Exercise objective.
A faithful copy of the listing below is needed, with its pictures left out.

Information supplied.
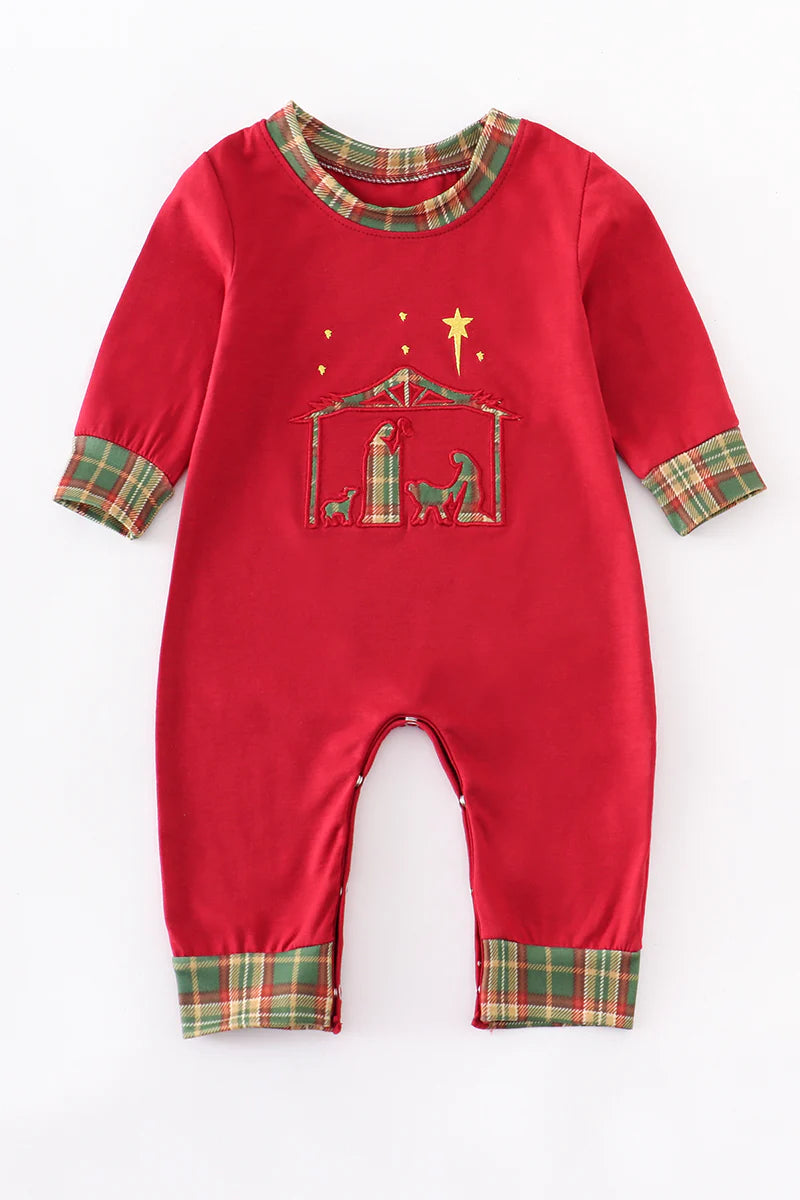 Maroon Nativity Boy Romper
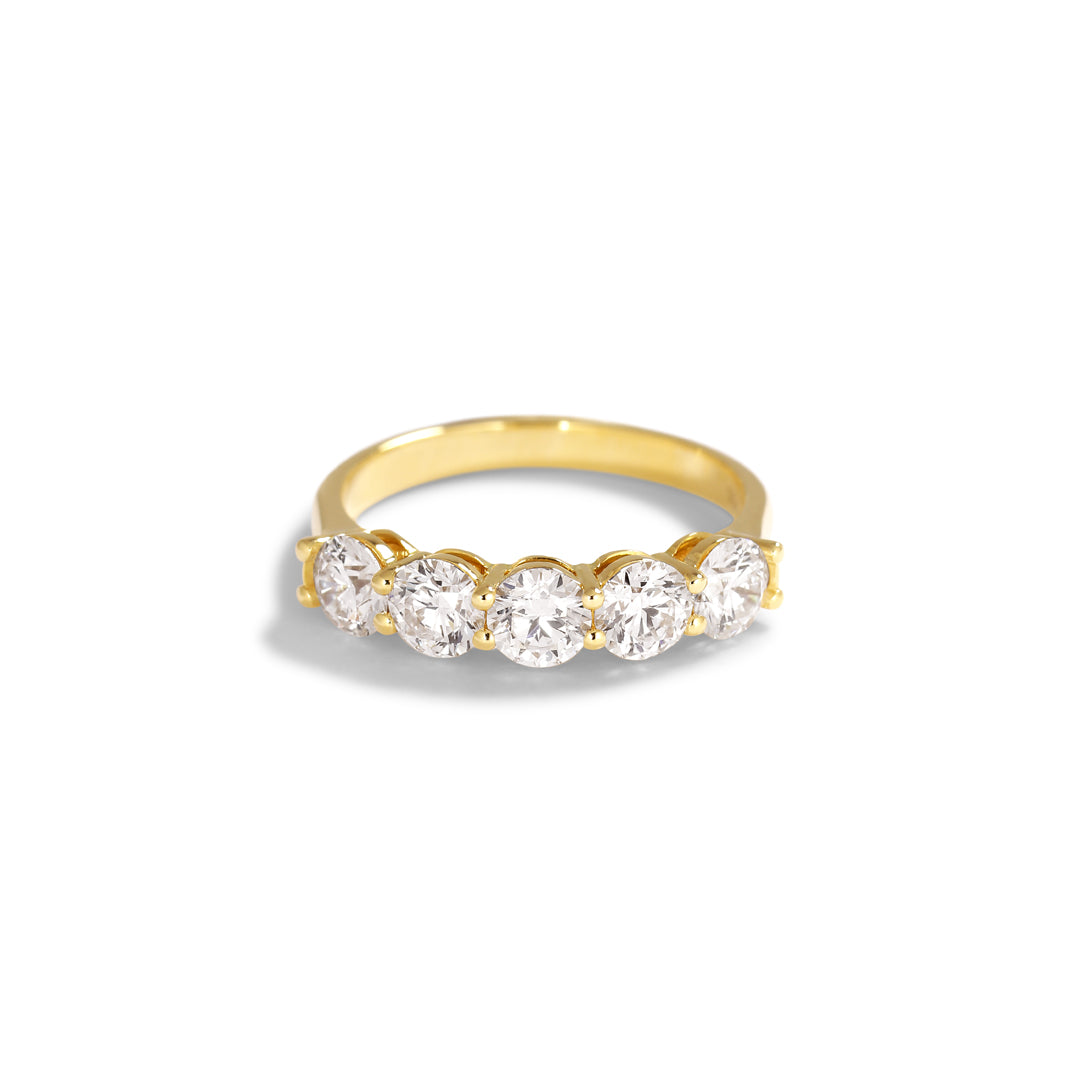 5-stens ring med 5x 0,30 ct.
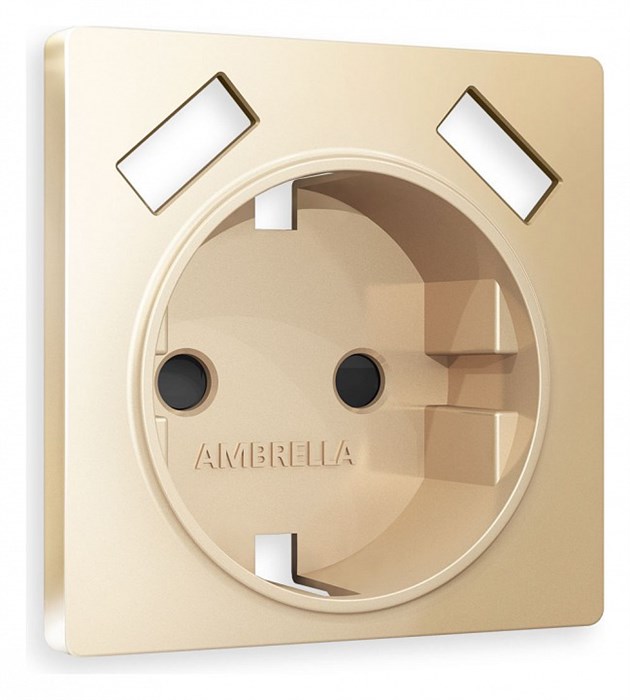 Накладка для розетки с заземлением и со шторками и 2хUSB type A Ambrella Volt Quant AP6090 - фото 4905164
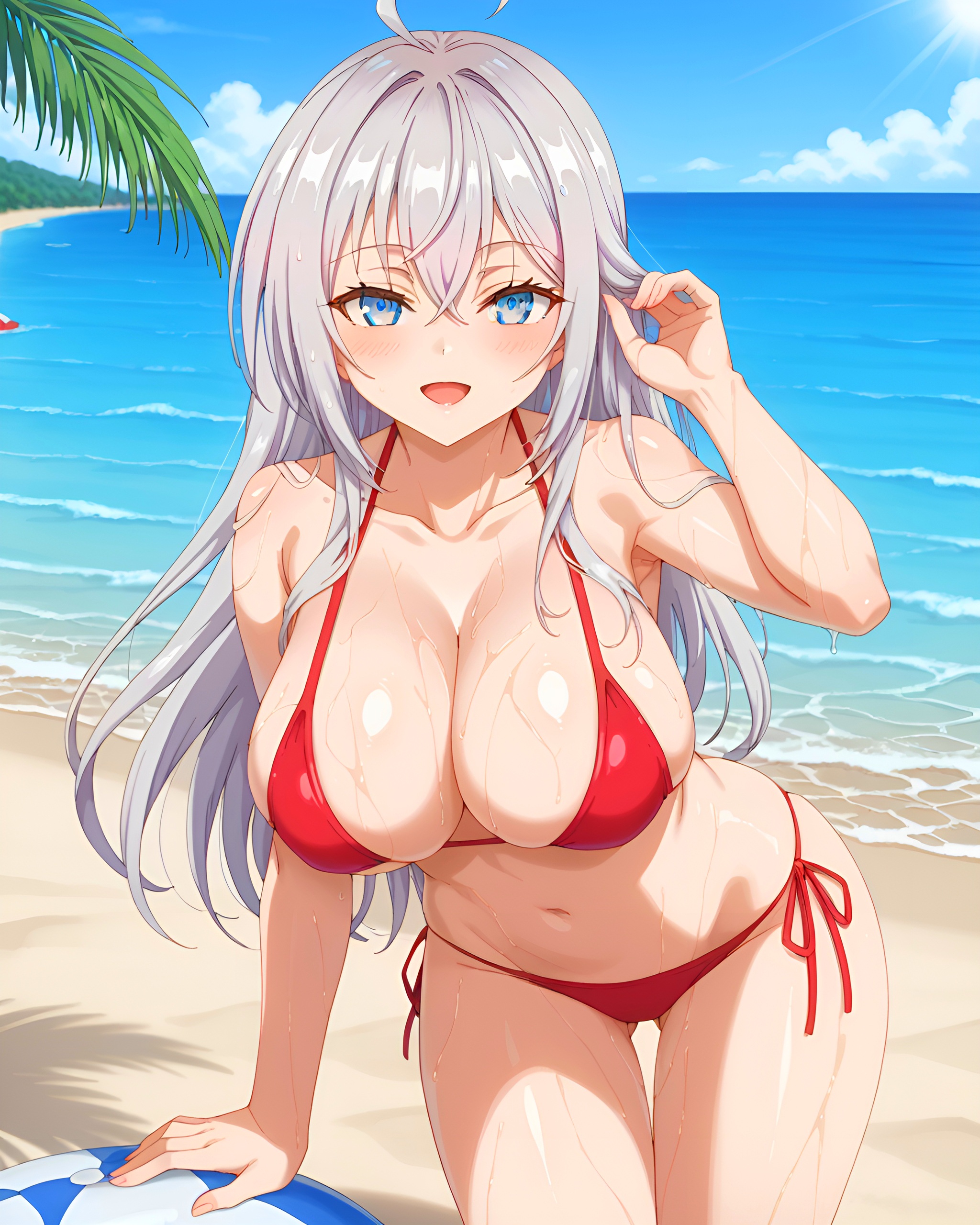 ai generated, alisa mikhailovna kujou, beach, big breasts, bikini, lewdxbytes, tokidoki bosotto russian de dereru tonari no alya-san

Solution for this task.
 Maroon Nativity Boy Romper
 5-stens ring med 5x 0,30 ct.
 Накладка для розетки с заземлением и со шторками и 2хUSB type A Ambrella Volt Quant AP6090 - фото 4905164
 ai generated, alisa mikhailovna kujou, beach, big breasts, bikini, lewdxbytes, tokidoki bosotto russian de dereru tonari no alya-san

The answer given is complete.